> [INPUT RECORDS]
┄┄┄┄┄┄┄┄┄┄┄┄┄┄┄┄┄┄┄┄
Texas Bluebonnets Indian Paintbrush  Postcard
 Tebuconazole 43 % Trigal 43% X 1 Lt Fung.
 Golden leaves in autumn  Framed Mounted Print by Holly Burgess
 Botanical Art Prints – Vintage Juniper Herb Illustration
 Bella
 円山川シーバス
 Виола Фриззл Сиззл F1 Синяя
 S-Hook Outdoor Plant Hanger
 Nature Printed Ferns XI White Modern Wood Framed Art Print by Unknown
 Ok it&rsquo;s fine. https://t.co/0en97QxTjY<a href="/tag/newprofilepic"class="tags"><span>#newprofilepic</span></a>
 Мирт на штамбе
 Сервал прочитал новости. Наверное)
┄┄┄┄┄┄┄┄┄┄┄┄┄┄┄┄┄┄┄┄
> [WORK ORDER] Retype every entry exactly as it stands.

> [RESPONSE AREA]
Texas Bluebonnets Indian Paintbrush  Postcard
 Tebuconazole 43 % Trigal 43% X 1 Lt Fung.
 Golden leaves in autumn  Framed Mounted Print by Holly Burgess
 Botanical Art Prints – Vintage Juniper Herb Illustration
 Bella
 円山川シーバス
 Виола Фриззл Сиззл F1 Синяя
 S-Hook Outdoor Plant Hanger
 Nature Printed Ferns XI White Modern Wood Framed Art Print by Unknown
 Ok it&rsquo;s fine. https://t.co/0en97QxTjY<a href="/tag/newprofilepic"class="tags"><span>#newprofilepic</span></a>
 Мирт на штамбе
 Сервал прочитал новости. Наверное)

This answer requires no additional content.